Distressed sales and bank repossessed properties continue to be a desirable option for most savvy first-time owners and investors. Discounted prices on these properties, together with 100% bonds and low attorney’s fees, are some of the main benefits. From August this year, and since joining Absa’s Help U Sell programme, there has been a 35% increase in the number of sole mandates being awarded to PGP in this sector of the market, resulting in a 24% rise in the group’s distressed property sales.
For both buyers and sellers there are serious guidelines to follow. Only those properties which are correctly and realistically pegged at market related prices are selling, and serious sellers are realising that this situation is likely to continue into the foreseeable future. Buyers on the other hand must have good credit ratings and sufficient funds for a sizeable deposit in order to obtain finance. Although banks have relaxed their criteria somewhat, lending will seemingly remain tight for some time to come.
From a Pam Golding Properties viewpoint nationally, we continue to see the highest number of sales in the R800 000 to R3 million bracket, with sales steady in the R6 million to R12 million range. The group continues to have success in the high end, luxury market, with top prices recently achieved in the R20 million to R30 million price range – in Cape Town’s Atlantic Seaboard and Southern Suburbs.
In the Cape Town metropolitan area, while volumes remain low compared with the boom years, there are sales which continue to buck national trends.
The increasingly important rental market has had a busy winter season, with over 470 residential leases concluded or renewed during the period May–August. Furthermore, there have been particularly high levels of activity at the top end of the rentals market.
It is encouraging to see residential property in the Johannesburg city centre experiencing a strong revival, reflecting increased investor confidence as the urban renewal effort takes effect and occupancy rates increase. The Gautrain’s new Park Station and Metrobus depot in Ghandi Square ensures that the CBD is on all commuter routes.
The CBD has also seen the renovation of older buildings, some of which have been converted into modern New York-style apartments which are particularly attractive to those working in the city centre. More traditionally, PGP remains active in Johannesburg’s northern suburbs with strong demand in the R1 million to R5 million bracket.
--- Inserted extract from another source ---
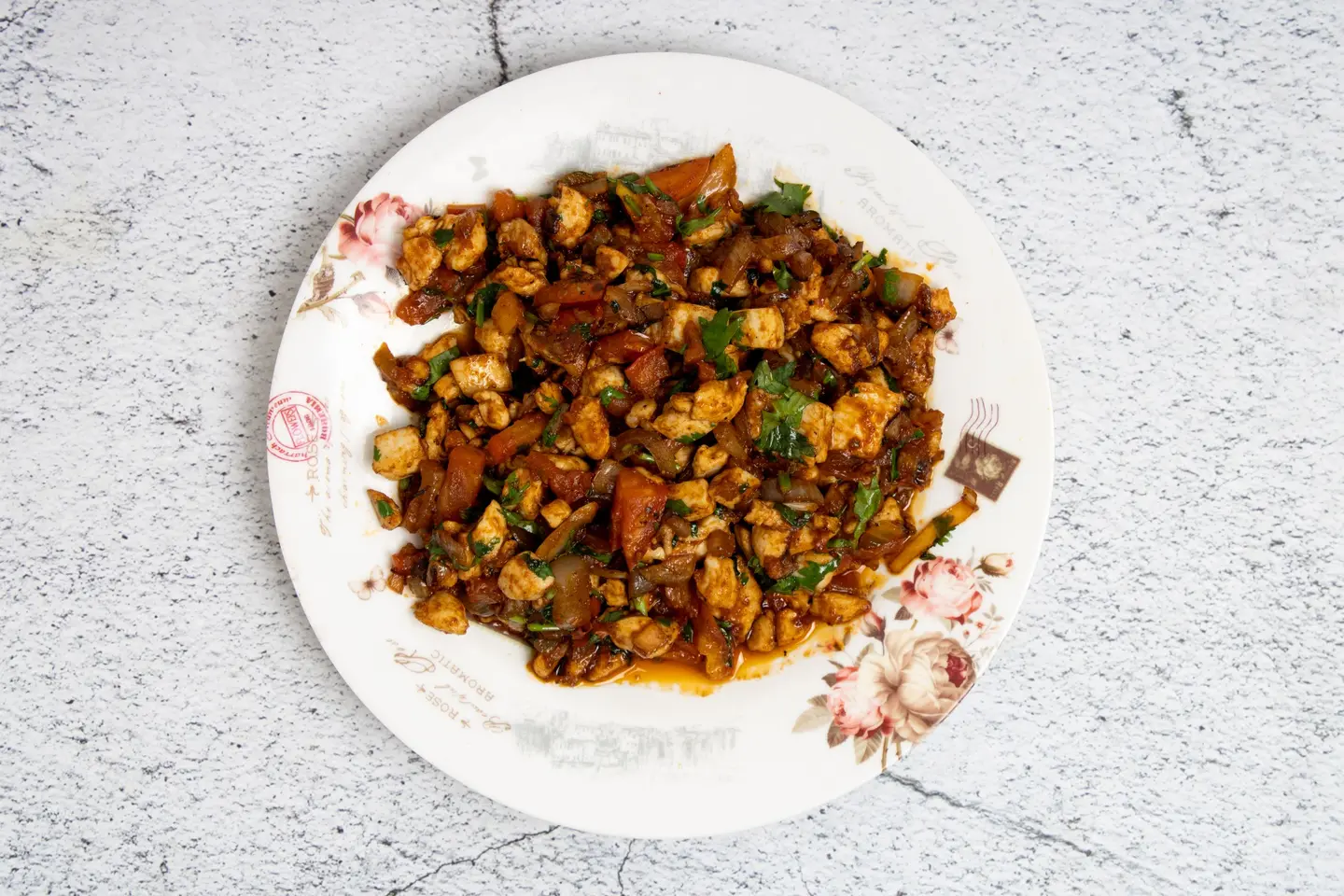 صحن مقلقل دجاج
The group’s Hyde Park developments team based at Melrose Arch achieved R350 million in sales during the past 12 months and has taken on new development stock worth close to R1 billion.
PGP has doubled its coverage in the Pretoria region and a number of areas are showing pleasing signs of recovery. Properties in the R1 million to R2 million are in greatest demand, but we have also experienced activity in the top end of the market in areas such as Waterkloof, Waterkloof Ridge and Brooklyn, which are among the most exclusive residential suburbs.
Nationally, the affordable market is, understandably, doing well. Deeds Office data suggest that as many as 30%-40% of all transfers are taking place in the affordable, BNG (breaking new ground) and social housing arena.
Internationally, prime central London sales remain profitable for South African investors. The London market continues to confound the critics, with impressive growth in terms of capital values and rental yields. According to the UK Land Registry, over the past year the annual rise in residential property prices averaged 5,5%. Rental yields of 6% are common, while PGP has experienced rental growth in excess of 7% in South West London.
Currently PGP is marketing opportunities to acquire prime located property in London priced from 300 000 sterling upwards.
The international division has achieved considerable success in the Indian Ocean islands of Mauritius and Seychelles. We have sold 400 units in the 56 hectare Seychelles resort of Eden Island at a combined value of approximately R2,9 billion.
In Mauritius, to date PGP has sold 302 units in various developments at a total value of approximately US$ 230 million. Homes in Mauritius continue to hold high appeal for the South African market.
North of our borders, the group has offices in Zambia, Botswana, Kenya, Namibia, Swaziland and Zimbabwe. In Namibia, we have recently concluded a partnership with offices in Windhoek and, shortly, Swakopmund. PGP will continue to seek partners in East and West Africa, including possibilities in Tanzania and Angola. We remain bullish about prospects in Africa as a whole.
On the home front we have the “new normal”, to which the residential property market is adjusting.
The positive aspect is that bottom of the slump is well behind us and the market is reviving. Most market analysts forecast growth in the coming year with which we concur; no fireworks, but steady progress.